=== PROVIDED DATA ===
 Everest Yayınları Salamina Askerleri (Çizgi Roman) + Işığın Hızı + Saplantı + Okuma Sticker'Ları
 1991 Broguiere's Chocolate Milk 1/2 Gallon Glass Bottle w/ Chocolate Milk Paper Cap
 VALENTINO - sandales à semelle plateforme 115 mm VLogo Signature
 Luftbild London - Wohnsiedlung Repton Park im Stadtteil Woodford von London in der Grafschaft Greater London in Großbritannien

=== TASK TO COMPLETE ===
Print, exactly as they appear above, the lines running from the one with "VALENTINO - sandales" through the final line.

=== SOLUTION FOR THIS PROBLEM ===
 VALENTINO - sandales à semelle plateforme 115 mm VLogo Signature
 Luftbild London - Wohnsiedlung Repton Park im Stadtteil Woodford von London in der Grafschaft Greater London in Großbritannien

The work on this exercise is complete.